The part that will not automate, or at any rate has not automated yet, is the step Largent’s essay is about: noticing that the pattern you’ve been matching against is the wrong pattern. That is a curiosity move. It is the analyst asking a question that nobody has typed into a detection rule yet, because nobody has thought of it yet, because the tell has not surfaced anywhere else.

This is the same mistake, different decade. Intrusion-detection vendors in the late 1990s promised the same abstraction over the same skill and were selling the same story: buy the box, retire the analyst, sleep at night. What actually happened is that the boxes got very good at the 90% of alerts a trained junior could handle, and the 10% that a trained junior couldn’t handle became the entire job for anyone senior. The floor rose. The ceiling did not.

The AI generation of the promise is more capable than the IDS generation was. The shape of the outcome is likely to be similar. More of the checklist gets absorbed.
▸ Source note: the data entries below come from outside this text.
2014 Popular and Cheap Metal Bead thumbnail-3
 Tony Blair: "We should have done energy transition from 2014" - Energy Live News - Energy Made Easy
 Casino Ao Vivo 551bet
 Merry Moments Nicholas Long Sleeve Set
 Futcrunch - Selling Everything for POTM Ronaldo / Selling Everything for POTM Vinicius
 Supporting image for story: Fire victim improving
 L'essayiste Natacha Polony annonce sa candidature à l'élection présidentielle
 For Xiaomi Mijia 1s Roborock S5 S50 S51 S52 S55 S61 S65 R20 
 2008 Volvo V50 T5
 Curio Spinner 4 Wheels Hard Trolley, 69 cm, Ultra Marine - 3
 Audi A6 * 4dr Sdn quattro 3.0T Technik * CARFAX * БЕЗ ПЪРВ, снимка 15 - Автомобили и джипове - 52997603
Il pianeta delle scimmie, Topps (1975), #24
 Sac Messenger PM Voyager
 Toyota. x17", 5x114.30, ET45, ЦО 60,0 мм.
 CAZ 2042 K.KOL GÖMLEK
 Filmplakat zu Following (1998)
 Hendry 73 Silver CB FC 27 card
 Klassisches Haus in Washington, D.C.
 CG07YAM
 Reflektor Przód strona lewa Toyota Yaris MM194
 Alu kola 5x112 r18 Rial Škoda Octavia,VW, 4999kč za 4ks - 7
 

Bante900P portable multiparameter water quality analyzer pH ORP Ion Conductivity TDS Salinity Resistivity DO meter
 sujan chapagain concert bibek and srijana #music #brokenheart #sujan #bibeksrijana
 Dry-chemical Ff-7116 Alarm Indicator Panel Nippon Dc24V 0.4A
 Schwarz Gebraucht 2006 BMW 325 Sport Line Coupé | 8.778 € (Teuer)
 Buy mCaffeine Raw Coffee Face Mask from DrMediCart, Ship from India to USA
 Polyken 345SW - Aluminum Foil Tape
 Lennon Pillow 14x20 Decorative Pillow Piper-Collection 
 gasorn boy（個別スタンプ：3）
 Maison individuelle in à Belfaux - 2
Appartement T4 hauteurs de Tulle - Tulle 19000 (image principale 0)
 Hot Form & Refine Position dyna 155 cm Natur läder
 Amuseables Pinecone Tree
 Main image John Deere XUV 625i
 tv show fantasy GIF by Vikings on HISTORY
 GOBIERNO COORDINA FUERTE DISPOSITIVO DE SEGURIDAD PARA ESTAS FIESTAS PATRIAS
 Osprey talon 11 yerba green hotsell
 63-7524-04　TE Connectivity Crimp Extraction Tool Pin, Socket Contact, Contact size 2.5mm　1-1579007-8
The curiosity work becomes a larger share of what remains — and a smaller share of what most SOCs are actually staffed for.

What to do with this, if you do anything

Not much of an action list. The column is not a call to arms; it is a reminder.

If you run a security team: audit whether your junior analysts have unstructured time to poke at things. Not sprint tickets, not KPI cases, not queue-clearance. Time to follow a hunch through three dashboards and come back with nothing on paper. That is where the tell in six months’ incident report first got noticed, or didn’t.

If you are one of those juniors: play the games. Or don’t play the games — the games are Largent’s hook, not the actual point. The actual point is to keep asking why after everyone else has moved on.

That habit is why some people still find things the tooling missed. It is not clear that anything else is.